BEGIN

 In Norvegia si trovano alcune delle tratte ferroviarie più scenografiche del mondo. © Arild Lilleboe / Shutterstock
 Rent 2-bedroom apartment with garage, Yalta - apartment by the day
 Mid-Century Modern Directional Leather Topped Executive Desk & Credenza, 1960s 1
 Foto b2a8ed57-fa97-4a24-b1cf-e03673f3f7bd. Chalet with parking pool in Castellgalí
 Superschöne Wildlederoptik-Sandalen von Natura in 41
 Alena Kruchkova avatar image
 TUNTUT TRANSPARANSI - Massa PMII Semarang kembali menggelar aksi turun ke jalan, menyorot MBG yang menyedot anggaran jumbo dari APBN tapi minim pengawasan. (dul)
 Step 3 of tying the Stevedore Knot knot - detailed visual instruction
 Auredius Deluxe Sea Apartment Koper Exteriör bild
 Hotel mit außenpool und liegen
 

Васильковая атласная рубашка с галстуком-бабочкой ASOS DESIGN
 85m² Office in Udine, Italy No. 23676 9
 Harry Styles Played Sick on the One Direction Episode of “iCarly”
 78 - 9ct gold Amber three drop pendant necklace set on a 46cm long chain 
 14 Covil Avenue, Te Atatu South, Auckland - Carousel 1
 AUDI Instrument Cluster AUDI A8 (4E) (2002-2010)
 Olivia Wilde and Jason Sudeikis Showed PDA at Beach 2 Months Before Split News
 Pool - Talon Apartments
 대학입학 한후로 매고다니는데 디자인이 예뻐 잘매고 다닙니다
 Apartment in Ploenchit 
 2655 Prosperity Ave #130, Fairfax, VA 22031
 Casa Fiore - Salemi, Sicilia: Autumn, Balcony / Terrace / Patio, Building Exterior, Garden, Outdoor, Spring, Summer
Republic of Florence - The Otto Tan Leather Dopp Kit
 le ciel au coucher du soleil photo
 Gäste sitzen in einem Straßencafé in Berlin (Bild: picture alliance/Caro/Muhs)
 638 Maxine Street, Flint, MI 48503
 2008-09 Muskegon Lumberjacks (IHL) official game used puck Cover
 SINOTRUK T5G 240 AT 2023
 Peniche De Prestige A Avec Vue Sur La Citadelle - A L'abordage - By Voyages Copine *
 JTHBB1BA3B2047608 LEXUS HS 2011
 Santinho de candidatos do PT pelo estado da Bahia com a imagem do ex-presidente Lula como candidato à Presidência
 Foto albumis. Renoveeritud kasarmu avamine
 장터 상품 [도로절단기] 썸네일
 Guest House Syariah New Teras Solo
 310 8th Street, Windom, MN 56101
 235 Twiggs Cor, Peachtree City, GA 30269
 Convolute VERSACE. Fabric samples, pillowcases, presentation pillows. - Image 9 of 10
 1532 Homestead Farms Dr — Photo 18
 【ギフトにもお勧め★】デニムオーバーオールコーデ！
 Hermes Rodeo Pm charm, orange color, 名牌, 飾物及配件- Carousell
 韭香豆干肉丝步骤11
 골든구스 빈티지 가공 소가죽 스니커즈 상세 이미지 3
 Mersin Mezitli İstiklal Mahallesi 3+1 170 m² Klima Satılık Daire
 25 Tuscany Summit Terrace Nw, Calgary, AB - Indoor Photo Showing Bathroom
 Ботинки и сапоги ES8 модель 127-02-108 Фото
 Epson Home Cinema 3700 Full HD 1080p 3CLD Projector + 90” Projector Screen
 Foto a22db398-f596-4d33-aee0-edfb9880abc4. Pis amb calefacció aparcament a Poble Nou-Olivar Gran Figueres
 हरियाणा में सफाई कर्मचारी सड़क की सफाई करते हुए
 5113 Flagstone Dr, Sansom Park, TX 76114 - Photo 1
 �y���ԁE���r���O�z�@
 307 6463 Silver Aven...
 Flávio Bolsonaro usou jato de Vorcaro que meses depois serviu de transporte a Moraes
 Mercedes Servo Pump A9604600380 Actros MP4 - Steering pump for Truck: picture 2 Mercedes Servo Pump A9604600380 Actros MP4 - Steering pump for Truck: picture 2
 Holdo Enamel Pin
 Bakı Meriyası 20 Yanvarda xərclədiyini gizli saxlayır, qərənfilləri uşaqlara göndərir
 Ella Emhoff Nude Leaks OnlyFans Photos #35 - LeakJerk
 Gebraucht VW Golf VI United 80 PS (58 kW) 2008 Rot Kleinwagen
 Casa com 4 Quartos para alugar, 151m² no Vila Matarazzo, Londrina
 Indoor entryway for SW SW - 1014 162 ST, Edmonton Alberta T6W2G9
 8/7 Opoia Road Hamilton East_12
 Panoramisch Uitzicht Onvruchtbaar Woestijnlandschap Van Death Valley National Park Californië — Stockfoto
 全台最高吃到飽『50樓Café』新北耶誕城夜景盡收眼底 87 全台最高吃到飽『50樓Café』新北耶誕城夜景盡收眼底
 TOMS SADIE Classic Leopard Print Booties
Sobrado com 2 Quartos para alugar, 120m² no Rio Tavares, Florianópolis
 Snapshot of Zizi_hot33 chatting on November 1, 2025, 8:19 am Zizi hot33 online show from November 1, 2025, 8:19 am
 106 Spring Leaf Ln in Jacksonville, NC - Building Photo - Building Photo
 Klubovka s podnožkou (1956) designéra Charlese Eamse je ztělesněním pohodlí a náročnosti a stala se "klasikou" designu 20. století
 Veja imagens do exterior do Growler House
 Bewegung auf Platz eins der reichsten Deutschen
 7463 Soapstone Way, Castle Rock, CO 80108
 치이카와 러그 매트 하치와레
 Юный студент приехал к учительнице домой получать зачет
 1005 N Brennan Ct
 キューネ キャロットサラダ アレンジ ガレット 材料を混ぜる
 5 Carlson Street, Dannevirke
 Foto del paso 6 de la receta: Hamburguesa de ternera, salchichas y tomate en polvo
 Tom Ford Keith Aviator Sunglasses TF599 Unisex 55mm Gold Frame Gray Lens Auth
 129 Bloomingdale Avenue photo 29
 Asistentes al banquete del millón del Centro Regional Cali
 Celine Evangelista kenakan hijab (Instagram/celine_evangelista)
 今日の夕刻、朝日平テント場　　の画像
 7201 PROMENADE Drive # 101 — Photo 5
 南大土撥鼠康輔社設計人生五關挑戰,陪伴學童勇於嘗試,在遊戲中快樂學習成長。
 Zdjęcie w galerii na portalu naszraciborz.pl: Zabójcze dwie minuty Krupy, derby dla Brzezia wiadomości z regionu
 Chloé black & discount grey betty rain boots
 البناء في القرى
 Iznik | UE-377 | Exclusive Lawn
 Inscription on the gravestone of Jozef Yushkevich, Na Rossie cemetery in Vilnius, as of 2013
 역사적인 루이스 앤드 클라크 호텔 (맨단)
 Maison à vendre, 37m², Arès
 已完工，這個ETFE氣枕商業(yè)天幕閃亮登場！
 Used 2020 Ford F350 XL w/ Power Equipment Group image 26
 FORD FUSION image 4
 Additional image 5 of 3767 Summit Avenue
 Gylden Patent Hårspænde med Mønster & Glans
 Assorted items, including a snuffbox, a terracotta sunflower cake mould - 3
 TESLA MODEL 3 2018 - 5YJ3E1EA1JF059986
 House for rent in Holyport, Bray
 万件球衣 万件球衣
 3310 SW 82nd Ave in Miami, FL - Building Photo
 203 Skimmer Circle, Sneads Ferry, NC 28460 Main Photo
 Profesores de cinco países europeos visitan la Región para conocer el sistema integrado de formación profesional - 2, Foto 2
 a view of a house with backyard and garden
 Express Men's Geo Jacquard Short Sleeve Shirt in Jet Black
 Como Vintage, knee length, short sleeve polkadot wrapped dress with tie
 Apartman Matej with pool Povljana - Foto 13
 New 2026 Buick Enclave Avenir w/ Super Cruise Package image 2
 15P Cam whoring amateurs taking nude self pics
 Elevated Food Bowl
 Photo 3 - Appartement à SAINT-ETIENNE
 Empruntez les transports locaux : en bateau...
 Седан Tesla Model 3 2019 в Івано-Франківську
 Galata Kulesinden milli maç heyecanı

END

PROBLEM DESCRIPTION:
Here the output must be the lines above from the line with "Maison à vendre, 37m², Arès" to the line with "Profesores de cinco", both included, duplicated word for word and nothing else.

SOLUTION:
 Maison à vendre, 37m², Arès
 已完工，這個ETFE氣枕商業(yè)天幕閃亮登場！
 Used 2020 Ford F350 XL w/ Power Equipment Group image 26
 FORD FUSION image 4
 Additional image 5 of 3767 Summit Avenue
 Gylden Patent Hårspænde med Mønster & Glans
 Assorted items, including a snuffbox, a terracotta sunflower cake mould - 3
 TESLA MODEL 3 2018 - 5YJ3E1EA1JF059986
 House for rent in Holyport, Bray
 万件球衣 万件球衣
 3310 SW 82nd Ave in Miami, FL - Building Photo
 203 Skimmer Circle, Sneads Ferry, NC 28460 Main Photo
 Profesores de cinco países europeos visitan la Región para conocer el sistema integrado de formación profesional - 2, Foto 2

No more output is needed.